There is another note to be made here. The word “extravagant” has unfortunate connotations that ought to be guarded against, before we go on to consider the reasons that romantic art is so often comic where it wants to be serious. Men who are English by nature or training readily join extravagance with vulgarity, although the two are by no means the same. To be sure, extravagance is often vulgar, but it need not be so. There are times when extravagant expression is the normal outlet of strong emotion or tumultuous feeling, and at some moment of supercharged impulses, extravagance is as natural as restraint at another time. Ascetic austerity is not in itself commendatory; other peoples like the Latins, have found the joy of being expressive, and so they have had the greater and better romances in the past because their love stories and romantic tragedies have not been so self conscious. This applies to the French spirit at the time of Chretien de Troyes as well. The Englishman, taking a story like any of Boccaccio’s, is inclined to tame it. In art, extravagance has more than one form also. Early baroque art is extravagant but honest; the later rococo is extravagant and bad. The ornateness of a Gothic facade is as easy and expected as the mystic zeal that put it up; the wood scroll work on an American summer hotel can never be anything but ugly. Or to go back to poetry, the eccentricities and extravagance of John Donne are the fervor of the man’s spirit expressed in verse, but in later of the metaphysicals, John Donne’s genius for the ornate becomes mere metrical geometry. Extravagance, then, is no condemnatory judgment on romantic art; to say a thing is extravagant is merely to recognize a quality, good or bad, that enters into romantic creation.

In looking back, as we have done, at old plays and songs and novels, we are faced with the realization that romance, good or bad, tends to the comic instead of to the exalted or tragic. Mr. Aldous Huxley, in “Those Barren Leaves” has his Mr. Cardan express this same idea.

 . . . “I demand from my art the added luxury of being moved. And, somehow, one can’t feel emotion about anything so furiously and consciously emotional. . . . It’s not by making wild and passionate gestures that an artist can awake emotion in the spectator. It isn’t done that way. . . . That is why good romantic art is so rare. Romanticism . . . makes violent gestures; it relies on . . . stage effects: it is ambitious to present you with emotion in the raw and palpitating form. That is to say, the romantic style is in essence a comic style. . . . Even writers of a great and genuine talent were betrayed by the essentially comic nature of a style into being farcical when they meant to be romantically tragical.”

How does it happen, then, that the romantic book fails in what it tries to do? Why does romance spoil?

Romantic art often demands more emotional expenditure than the moment is honestly worth; at such times the reader simply refuses to match his posturing with the author’s and laughs instead.
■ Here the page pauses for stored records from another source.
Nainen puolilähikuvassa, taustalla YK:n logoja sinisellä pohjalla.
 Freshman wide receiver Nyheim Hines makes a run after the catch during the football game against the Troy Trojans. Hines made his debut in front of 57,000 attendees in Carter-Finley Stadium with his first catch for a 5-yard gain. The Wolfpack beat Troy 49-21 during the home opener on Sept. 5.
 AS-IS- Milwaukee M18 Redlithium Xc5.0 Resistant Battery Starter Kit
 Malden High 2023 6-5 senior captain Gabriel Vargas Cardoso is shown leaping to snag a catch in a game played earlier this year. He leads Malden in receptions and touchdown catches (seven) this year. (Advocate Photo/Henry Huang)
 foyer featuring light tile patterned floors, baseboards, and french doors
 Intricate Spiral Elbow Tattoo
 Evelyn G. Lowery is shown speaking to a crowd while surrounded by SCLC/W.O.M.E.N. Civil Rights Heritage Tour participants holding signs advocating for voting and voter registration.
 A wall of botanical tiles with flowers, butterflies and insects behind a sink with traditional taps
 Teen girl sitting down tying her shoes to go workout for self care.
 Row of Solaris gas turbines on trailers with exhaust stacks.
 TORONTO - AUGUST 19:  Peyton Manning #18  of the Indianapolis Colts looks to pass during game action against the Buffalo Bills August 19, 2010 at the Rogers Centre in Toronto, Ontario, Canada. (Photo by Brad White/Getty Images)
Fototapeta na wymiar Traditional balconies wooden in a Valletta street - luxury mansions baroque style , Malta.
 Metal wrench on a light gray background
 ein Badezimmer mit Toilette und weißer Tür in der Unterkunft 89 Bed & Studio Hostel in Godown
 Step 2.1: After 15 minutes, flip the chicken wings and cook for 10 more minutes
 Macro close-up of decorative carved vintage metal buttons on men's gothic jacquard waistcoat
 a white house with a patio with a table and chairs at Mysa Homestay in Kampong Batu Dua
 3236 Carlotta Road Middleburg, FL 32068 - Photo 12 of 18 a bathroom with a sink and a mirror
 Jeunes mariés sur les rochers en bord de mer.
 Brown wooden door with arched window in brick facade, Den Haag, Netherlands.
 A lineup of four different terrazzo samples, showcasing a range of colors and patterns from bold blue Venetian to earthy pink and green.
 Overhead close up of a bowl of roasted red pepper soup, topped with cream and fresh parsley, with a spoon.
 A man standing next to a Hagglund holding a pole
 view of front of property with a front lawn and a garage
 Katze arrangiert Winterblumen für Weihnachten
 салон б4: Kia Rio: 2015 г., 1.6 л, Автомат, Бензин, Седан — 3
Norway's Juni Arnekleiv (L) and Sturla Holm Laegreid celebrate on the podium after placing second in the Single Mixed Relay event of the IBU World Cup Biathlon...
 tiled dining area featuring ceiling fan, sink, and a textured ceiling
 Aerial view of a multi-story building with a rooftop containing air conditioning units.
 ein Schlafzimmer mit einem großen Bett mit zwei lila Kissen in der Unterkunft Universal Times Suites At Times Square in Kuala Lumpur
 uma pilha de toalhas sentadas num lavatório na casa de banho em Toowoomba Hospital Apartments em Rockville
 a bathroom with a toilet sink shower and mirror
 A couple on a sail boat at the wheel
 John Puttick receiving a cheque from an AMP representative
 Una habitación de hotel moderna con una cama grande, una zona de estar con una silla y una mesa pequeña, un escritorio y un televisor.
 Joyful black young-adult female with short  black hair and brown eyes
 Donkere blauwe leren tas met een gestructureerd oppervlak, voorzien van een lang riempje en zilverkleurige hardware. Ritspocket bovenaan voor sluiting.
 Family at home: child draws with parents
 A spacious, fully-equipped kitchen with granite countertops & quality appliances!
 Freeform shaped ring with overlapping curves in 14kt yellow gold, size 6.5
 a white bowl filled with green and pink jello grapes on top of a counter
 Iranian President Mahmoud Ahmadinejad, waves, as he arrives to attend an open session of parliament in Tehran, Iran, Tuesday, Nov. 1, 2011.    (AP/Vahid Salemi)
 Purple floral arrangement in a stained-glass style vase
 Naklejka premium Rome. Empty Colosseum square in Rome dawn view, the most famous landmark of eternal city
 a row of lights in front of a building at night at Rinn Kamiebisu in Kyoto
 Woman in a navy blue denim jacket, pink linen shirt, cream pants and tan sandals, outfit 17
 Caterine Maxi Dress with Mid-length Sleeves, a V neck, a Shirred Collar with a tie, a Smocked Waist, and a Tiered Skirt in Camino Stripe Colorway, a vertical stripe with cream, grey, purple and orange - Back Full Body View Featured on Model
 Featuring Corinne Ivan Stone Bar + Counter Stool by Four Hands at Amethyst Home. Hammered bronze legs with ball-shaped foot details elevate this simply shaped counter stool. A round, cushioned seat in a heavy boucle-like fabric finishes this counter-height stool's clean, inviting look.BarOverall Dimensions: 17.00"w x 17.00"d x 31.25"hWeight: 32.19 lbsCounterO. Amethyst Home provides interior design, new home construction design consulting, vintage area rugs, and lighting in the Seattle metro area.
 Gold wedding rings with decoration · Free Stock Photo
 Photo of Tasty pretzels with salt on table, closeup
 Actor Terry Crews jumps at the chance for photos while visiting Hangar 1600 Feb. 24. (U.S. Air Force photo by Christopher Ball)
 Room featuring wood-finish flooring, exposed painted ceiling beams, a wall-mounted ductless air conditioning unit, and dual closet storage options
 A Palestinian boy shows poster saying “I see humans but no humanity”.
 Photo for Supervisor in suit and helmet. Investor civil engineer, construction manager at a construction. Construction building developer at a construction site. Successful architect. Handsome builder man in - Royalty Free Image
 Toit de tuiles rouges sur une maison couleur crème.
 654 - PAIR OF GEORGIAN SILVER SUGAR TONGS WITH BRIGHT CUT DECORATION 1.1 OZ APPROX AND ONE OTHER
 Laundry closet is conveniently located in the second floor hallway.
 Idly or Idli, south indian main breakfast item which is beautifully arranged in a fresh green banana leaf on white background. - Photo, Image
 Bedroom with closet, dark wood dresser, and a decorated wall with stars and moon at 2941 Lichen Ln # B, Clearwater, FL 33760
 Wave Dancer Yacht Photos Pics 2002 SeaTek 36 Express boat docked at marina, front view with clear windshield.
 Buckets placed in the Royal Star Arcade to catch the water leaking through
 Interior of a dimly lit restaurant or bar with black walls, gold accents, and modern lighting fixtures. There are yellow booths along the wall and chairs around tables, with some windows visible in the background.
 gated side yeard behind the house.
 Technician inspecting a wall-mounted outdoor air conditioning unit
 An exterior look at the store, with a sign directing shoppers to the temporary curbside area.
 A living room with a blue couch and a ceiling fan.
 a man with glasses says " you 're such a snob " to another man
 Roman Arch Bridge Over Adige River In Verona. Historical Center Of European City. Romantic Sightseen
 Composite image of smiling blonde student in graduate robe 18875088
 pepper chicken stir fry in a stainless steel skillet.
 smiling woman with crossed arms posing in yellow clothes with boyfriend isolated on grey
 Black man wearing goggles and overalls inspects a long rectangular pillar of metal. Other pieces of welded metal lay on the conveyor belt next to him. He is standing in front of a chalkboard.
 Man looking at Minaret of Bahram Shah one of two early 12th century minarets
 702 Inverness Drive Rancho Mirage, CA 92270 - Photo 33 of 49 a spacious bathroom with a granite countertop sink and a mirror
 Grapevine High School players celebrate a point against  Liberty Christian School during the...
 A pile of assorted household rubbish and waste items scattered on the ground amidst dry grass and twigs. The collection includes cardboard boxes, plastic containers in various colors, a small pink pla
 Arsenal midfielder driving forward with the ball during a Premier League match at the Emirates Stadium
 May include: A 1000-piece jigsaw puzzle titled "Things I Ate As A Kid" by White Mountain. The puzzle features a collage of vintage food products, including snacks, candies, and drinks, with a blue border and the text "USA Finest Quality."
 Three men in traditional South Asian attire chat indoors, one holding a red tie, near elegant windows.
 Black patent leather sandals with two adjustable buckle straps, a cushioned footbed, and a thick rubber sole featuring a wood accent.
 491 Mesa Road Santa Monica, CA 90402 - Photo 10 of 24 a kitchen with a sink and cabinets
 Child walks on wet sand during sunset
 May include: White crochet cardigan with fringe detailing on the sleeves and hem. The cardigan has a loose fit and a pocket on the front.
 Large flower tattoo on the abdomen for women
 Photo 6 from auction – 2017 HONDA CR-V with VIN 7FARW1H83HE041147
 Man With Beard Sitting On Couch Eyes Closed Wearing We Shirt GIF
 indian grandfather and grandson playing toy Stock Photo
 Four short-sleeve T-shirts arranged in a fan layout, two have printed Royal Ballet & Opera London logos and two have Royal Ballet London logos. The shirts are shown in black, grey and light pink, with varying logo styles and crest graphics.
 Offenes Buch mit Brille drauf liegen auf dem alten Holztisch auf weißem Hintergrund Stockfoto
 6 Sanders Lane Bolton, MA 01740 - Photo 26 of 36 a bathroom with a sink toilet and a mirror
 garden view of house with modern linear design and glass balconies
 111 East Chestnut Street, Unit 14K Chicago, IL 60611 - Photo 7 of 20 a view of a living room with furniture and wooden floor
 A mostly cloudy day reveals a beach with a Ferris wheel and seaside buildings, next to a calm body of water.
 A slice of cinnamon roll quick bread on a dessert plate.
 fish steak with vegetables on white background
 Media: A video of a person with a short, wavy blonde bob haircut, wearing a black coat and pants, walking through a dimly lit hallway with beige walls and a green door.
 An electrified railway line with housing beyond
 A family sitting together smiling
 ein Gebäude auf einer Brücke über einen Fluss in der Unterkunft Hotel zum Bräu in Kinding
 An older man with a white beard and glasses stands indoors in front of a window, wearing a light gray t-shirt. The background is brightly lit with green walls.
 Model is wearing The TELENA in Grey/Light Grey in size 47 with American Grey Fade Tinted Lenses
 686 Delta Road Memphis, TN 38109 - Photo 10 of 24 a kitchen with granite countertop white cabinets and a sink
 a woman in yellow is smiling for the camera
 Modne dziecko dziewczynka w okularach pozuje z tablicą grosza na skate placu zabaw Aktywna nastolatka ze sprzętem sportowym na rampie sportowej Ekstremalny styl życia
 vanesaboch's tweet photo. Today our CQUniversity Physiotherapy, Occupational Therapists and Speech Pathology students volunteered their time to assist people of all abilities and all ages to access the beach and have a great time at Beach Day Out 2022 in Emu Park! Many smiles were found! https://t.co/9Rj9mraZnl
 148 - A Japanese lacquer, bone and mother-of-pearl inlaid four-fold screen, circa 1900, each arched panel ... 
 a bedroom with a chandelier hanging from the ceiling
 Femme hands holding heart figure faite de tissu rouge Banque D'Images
Then the reader is like a boy in a school play, who knows he ought to be acting in the grand manner of the infant George Washington but makes faces instead, turning drama to farce and so saving his natural self. Whatever virtue lies in the much praised “classical restraint” is in the reticence with which normal feeling is portrayed. Then, whenever “extravagance” is demanded, even classic works like “Prometheus Bound” give way to lyric rapture, but by the time the surge of high tension poetry comes, we are convinced by the previous restraint that the glow of words and passion is inevitable. We are convinced of the authenticity of the moment. The romantic, on the other hand, gets illuminations and ecstasies over almost anything, and by too much rapture ruins his “seeing into the life of things” and so becomes an enthusiast. It is not only in naming your emotion or in gesturing that romance grows comic—as Huxley suggests—but it is in gesturing too often or becoming too receptive to emotional stimuli. Wordsworth, for example, has his troubles in making us sympathetic to his thought whenever he finds too many flowers, too many thoughts that lie too deep for tears.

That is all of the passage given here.